Short text fragments from websites
╔══
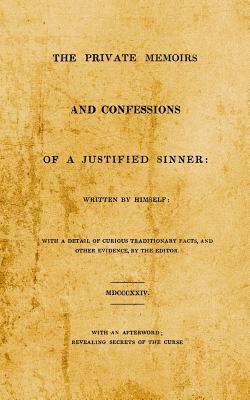 The Private Memoirs and Confessions of A Justified Sinner: With An Afterword; Revealing Secrets of the Curse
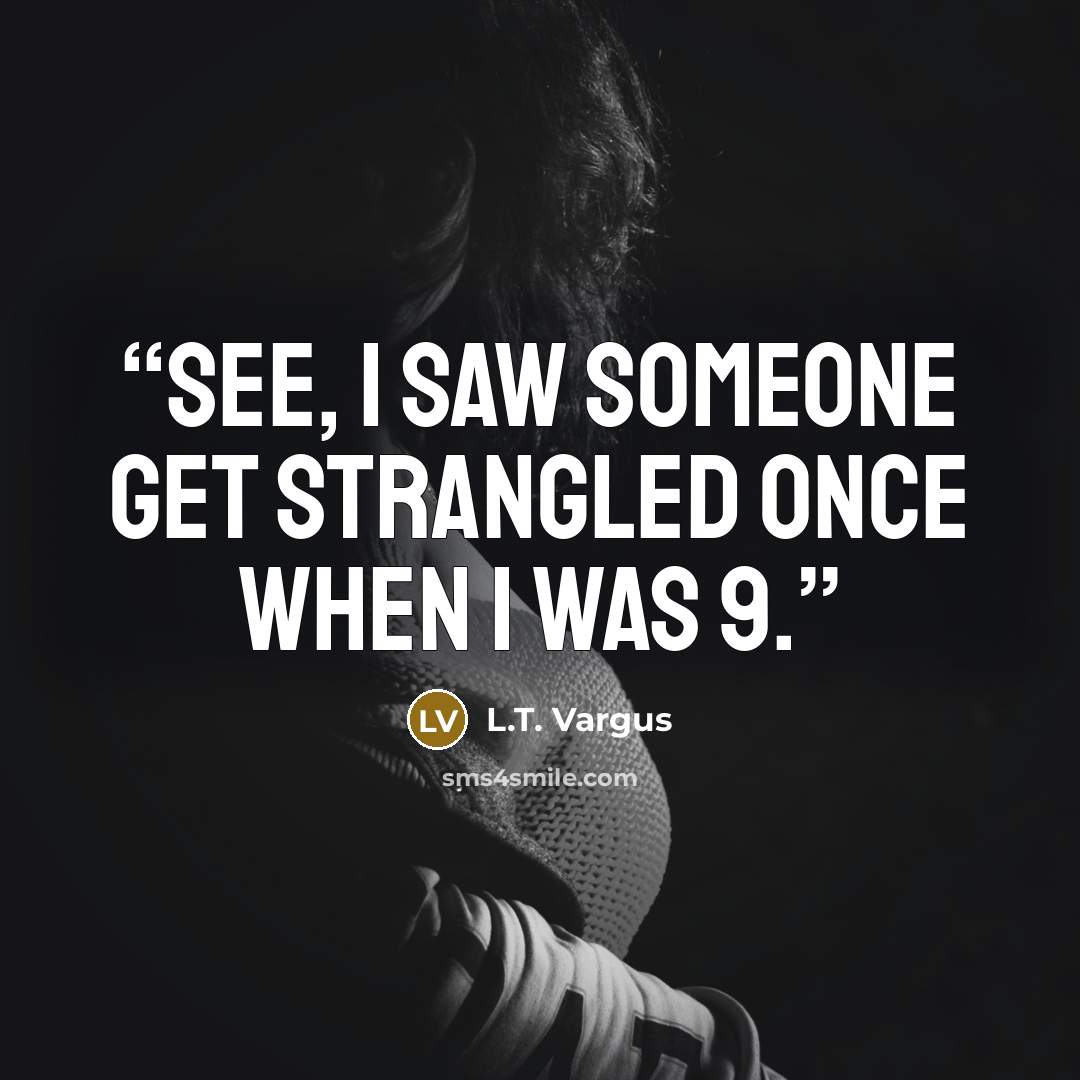 “See, I saw someone get strangled once when I was 9.” quote by L.T. Vargus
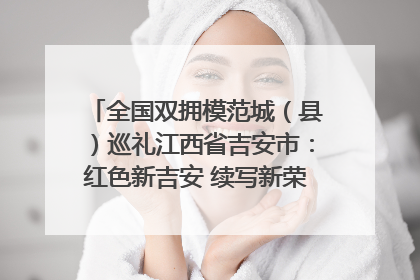 全国双拥模范城（县）巡礼江西省吉安市：红色新吉安 续写新荣光 奋力谱写新时代双拥工作新篇章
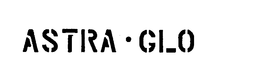 ASTRA-GLO trademark
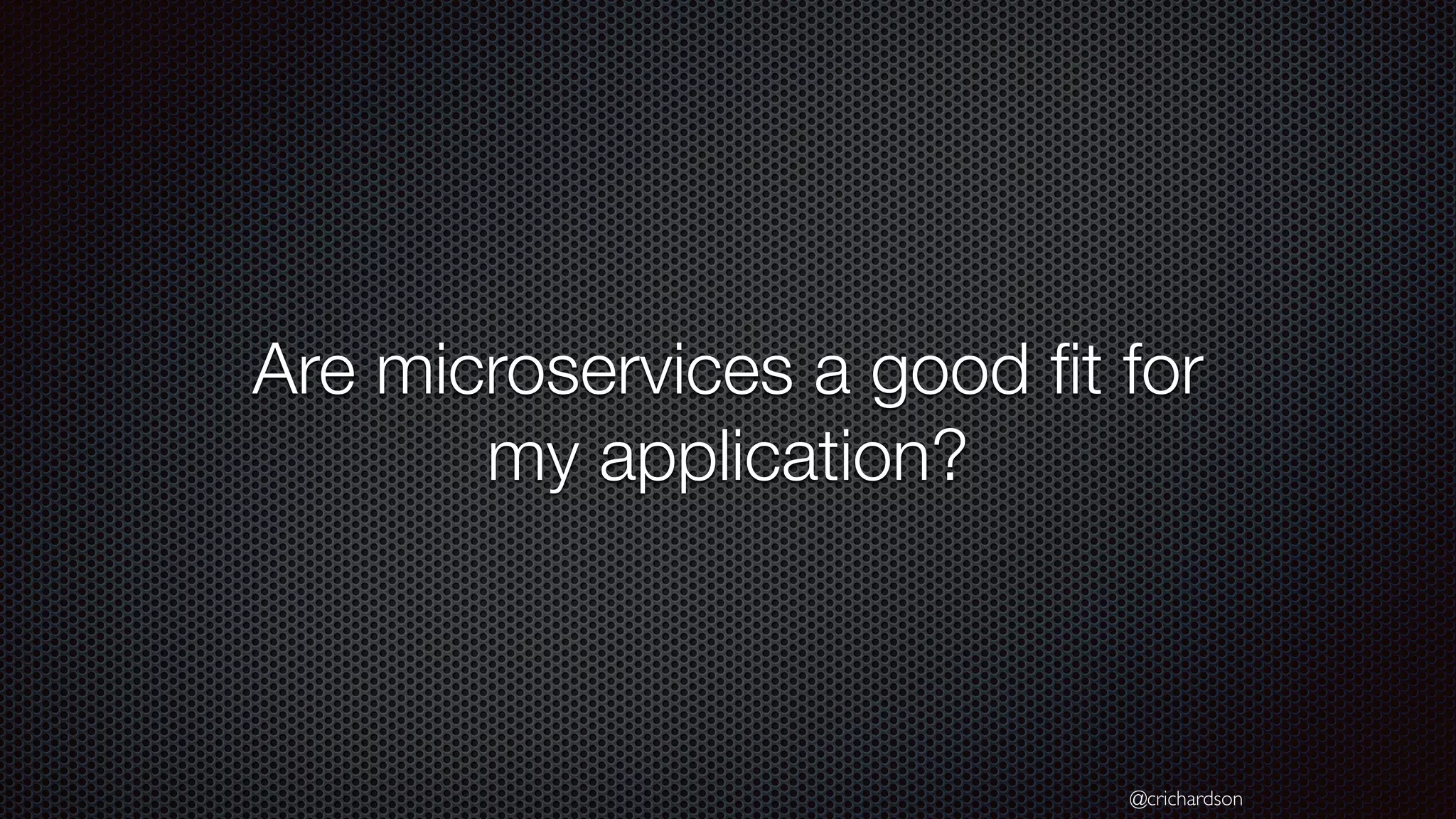 @crichardson Are microservices a good ﬁt for my application?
╚══
Retype, exactly and only, the lines from the one containing "by L.T. Vargus" through the end of the entries, both ends included, and omit all pictures.

- [Answer below]:
 “See, I saw someone get strangled once when I was 9.” quote by L.T. Vargus
 全国双拥模范城（县）巡礼江西省吉安市：红色新吉安 续写新荣光 奋力谱写新时代双拥工作新篇章
 ASTRA-GLO trademark
 @crichardson Are microservices a good ﬁt for my application?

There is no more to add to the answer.